Lübeck. Im Zuge des wachsenden Tourismusdrucks an der Lübecker Bucht stellt sich eine drängende Frage: Wie kann ein Gleichgewicht zwischen den Bedürfnissen der Touristen und den Lebensbedingungen der Anwohner gefunden werden? Während die Strände und Straßen während der Hochsaison überfüllt sind, zeigen sich immer mehr Anzeichen für die Problematik des sogenannten „Overtourism“.
Tagestouristen belasten die Infrastruktur
Jedes Wochenende findet sich eine beeindruckende Zahl von 20.000 Tagesgästen in Timmendorfer Strand ein, obwohl der Ort nur 9.000 Einwohner zählt. Diese Diskrepanz sorgt für überfüllte Parkplätze und lange Schlangen in den Geschäften. Bürgermeister Sven Partheil-Böhnke bezeichnet die Situation als kritisch: „Die Kapazitätsgrenze ist erreicht, da kommen die Anwohner oft nicht mehr durch.“ Um dieser Herausforderung zu begegnen, hat die Gemeinde begonnen, Großparkplätze gebührenpflichtig zu machen, um hoffentlich einige Besucher dazu zu bewegen, alternativ die Bahn zu nutzen oder weniger frequentierte Strände aufzusuchen.

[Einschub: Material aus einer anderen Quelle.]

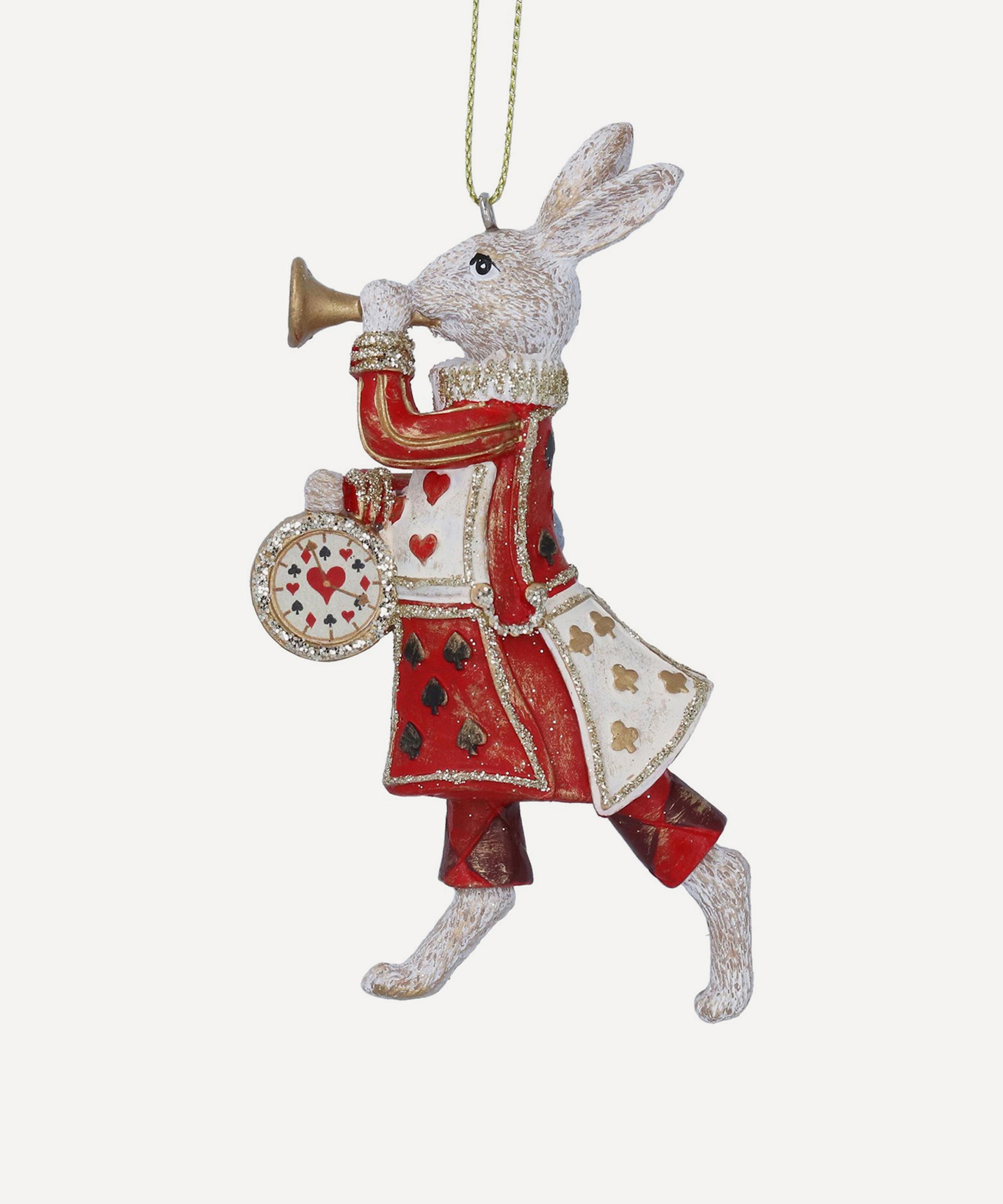 Christmas - White Rabbit with Trumpet Ornament image number 0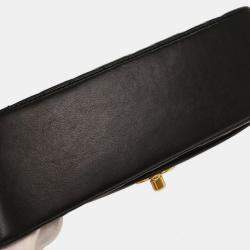 Pre Owned حقيبة كتف شانيل ديانا صغيرة جلد خروف أسود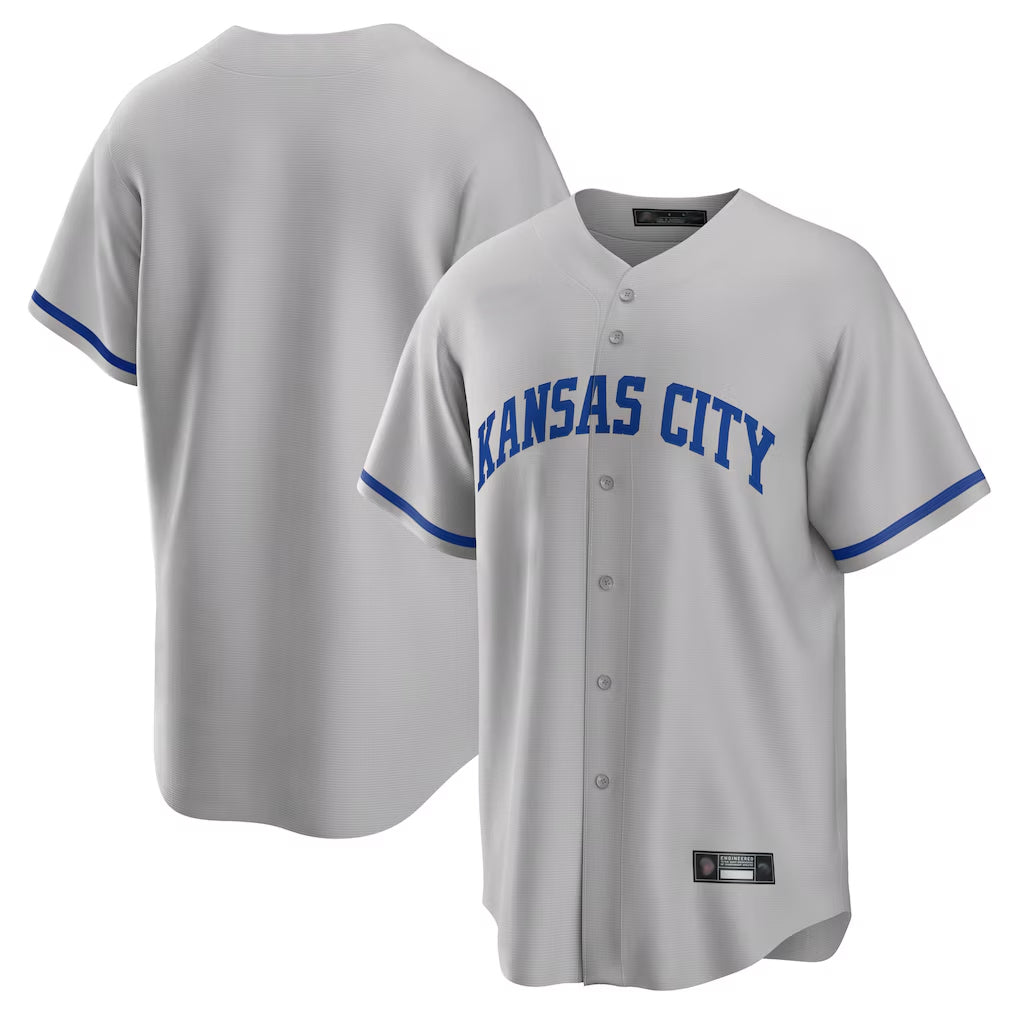 CAdoa KC.Royals Gray Game Home Blank Player Stitched Jerseys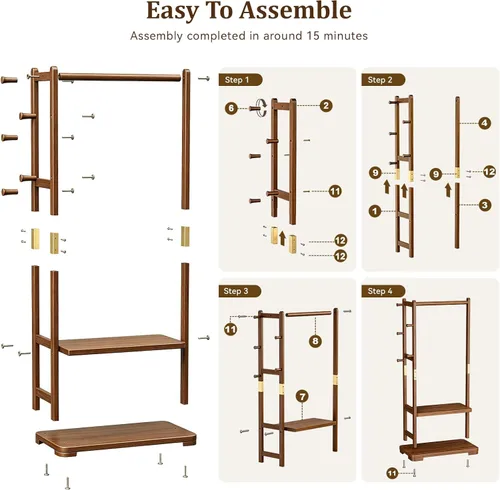 Miniatura 8 de Perchero de madera maciza con 2 estantes y 4 ganchos para colgar ropa, carteras, sombreros, estante de ropa resistente, perchero para abrigos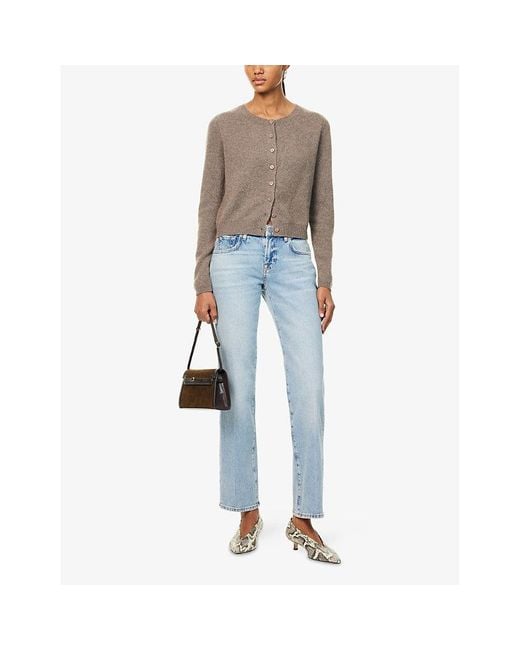 7 For All Mankind Blue Calie Straight-Leg Low-Rise Denim Jeans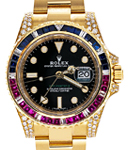 GMT Master II Yellow Gold with Added Bezel and Lugs on Oyster Bracelet with Black Dial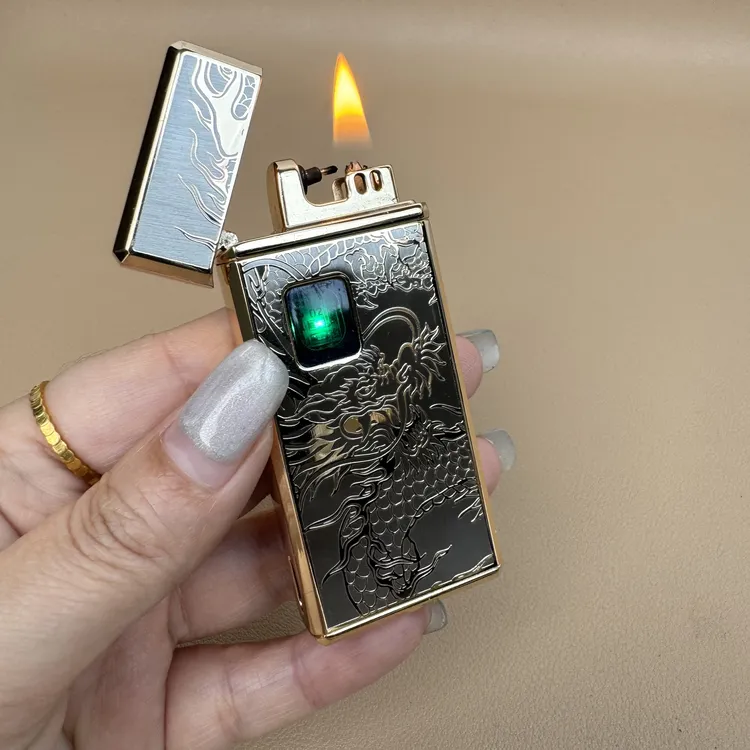 油电混合打火机高档触摸点火感应点火创意原装双面窄机男士专用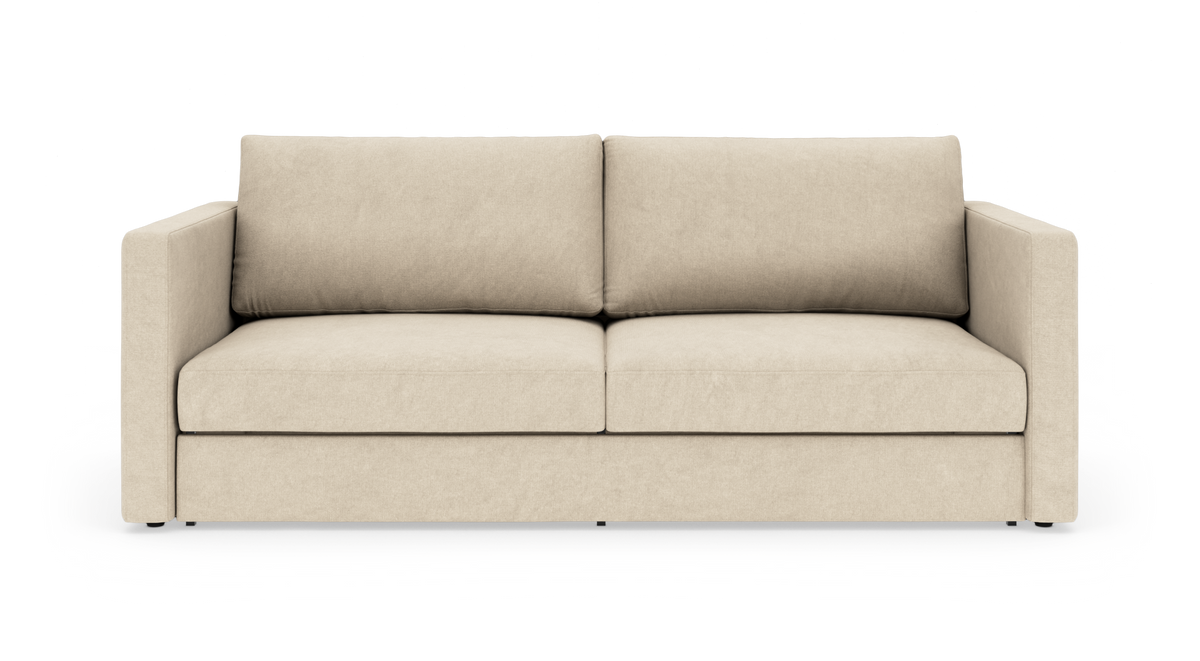 Beige 2-personers sofa med lige armlæn, set forfra på hvid baggrund.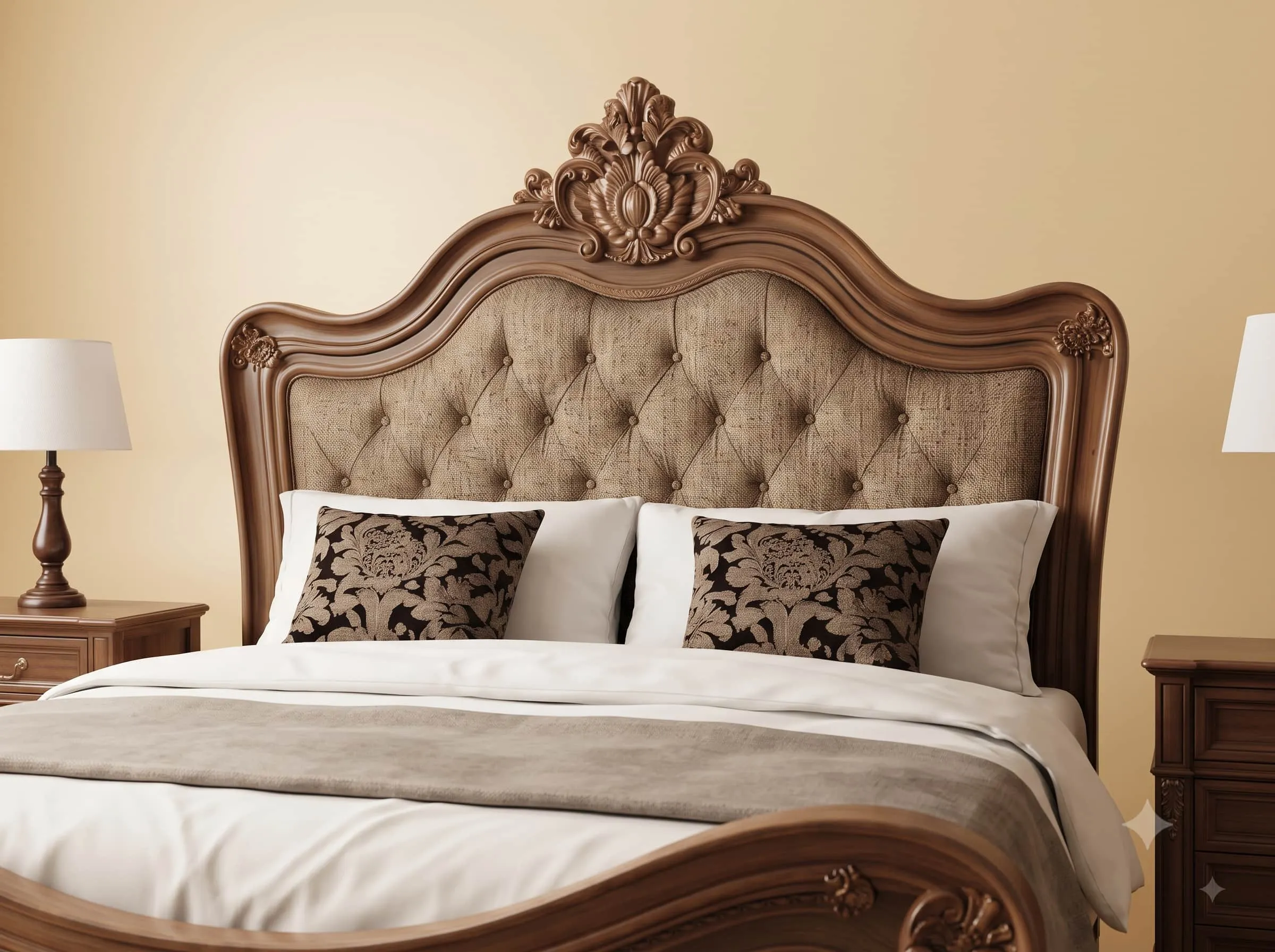 Classic Bed Design in Carved Teak - Linen Headboard in Warm Brown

Schwierigkeiten bei der Wohnungsnot
Die Kehrseite des florierenden Tourismus ist die Wohnungsknappheit, die immer dringlicher wird. In Küstenorten, die einst als malerische Rückzugsorte galten, steigen die Mietpreise durch die Umwandlung von Wohnraum in Ferienhäuser. Rathausmitarbeiter in Timmendorfer Strand suchen aktiv nach illegalen Vermietungen auf Plattformen wie „Airbnb“, um gegen diesen Trend anzugehen. „Die Lösung des Wohnraummangels erfordert mehr Baufläche“, erklärt Jörg Bülow vom Gemeindebund Schleswig-Holstein, während die Kommunen Demand nach mehr Unterstützung vom Land formulieren.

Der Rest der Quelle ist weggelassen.